Sur le contenu, la valeur et la portée de nos larmes

Qui donc se retiendrait de verser des larmes sur le passé, sur le chancelant présent, et sur les manques actuels flagrants de l´Afrique ?

Au-delà des larmes, une volonté de changement ?

Commentaire sur Afrikara sur l´article : http://www.afrikara.com/index.php?page=contenu&art=1622&msg=1 

Celui qui ne verserait ni larmes ni sanglots au regard de toutes les erreurs, de toutes les humiliations ; toutes les vicissitudes auxquelles l´Afrique s´est exposée depuis des siècles et particulièrement depuis la vide indépendance de 1960, celui-là a un cœur de bois. Ou il ne connaît ni l´histoire, ni la portée réelle des maux, des intrigues et de la rapace cupidité qui se sont abattus sur l´Afrique. Et ici, permettez-moi de relever un malentendu : il ne s´agit pas seulement de condamner les « autres », qu´ils soient islamiques ou occidentaux ; encore moins de se baigner de compassion dans des fausses larmes qui ne cacheraient que l´incapable ou l´inconscient qui s´abritait sournoisement derrière l´indifférence, la traîtrise ou l´abandon des siens. Mais bien, devant le désastre nocif avec lequel se débat l´Afrique, d´être tout simplement humain sans pour autant réfuter que nous aussi nous portions, avec nos traditions désuètes, notre grigrisme abruti et passif, une part intérieure influente de nos maux.

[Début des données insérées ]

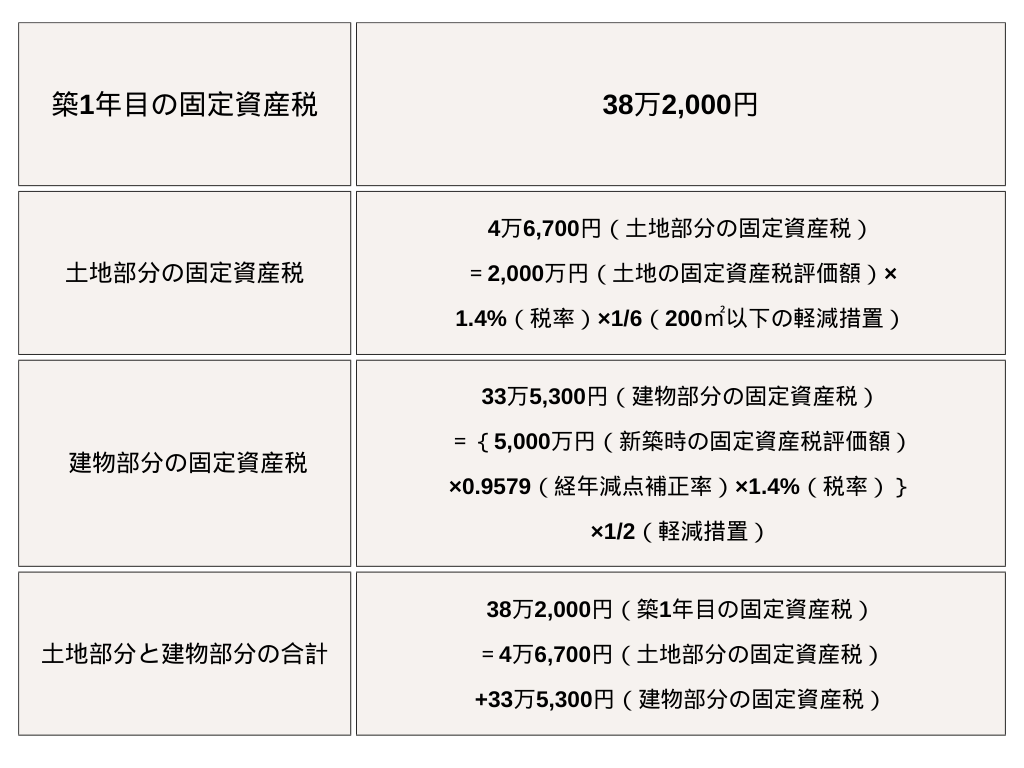 築1年目の固定資産税シミュレーション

Pleurer, en somme, c´est aussi une façon toute naturelle de se révolter devant une situation dont la prégnance touche à nos racines sentimentales les plus vives, là où l´âme avoisine sa plus belle ambition : celle de la jouissance et de l´absolu existentiel. Celui qui prend ce moment de désarroi pour une faiblesse n´a, à mon avis, ou rien compris, ou cessé d´être africain…d´être un être humain tout court.

Au fait, ceux qui ont pleuré et continuent à le faire, qui versent des larmes de sang pendant que ce spectacle déshumanisant continue, et ce, malgré toutes les meilleures intentions du monde, malgré tant et tant de bonnes volontés détournées ou dévoyées, à exercer sur l´Afrique ses méfaits néfastes et destructeurs ; ceux-là versent des larmes inutiles. Car nous savons bien que pleurer, ce n´est pas changer les choses. Il faut bien plus que cela. Il faut la volonté et le ferme désir de se garder, dans un très proche avenir, de telles douleurs. Autant ceux qui s´écrient : « Ne pleurez pas ! », que ceux qui, dans leurs bassesses désemparées, trahissent les leurs ou se vendent à l´ennemi de la francafrique, ne veulent changer les choses. Car la situation que traverse l´Afrique noire en général est d´une précarité dangereuse, d´une acuité sans pareille. Tant ses substances culturelles, économiques, politiques et sociales sont mises profondément à mal, l´empêchant ainsi d´entreprendre et d´entretenir ses devoirs envers elles-mêmes.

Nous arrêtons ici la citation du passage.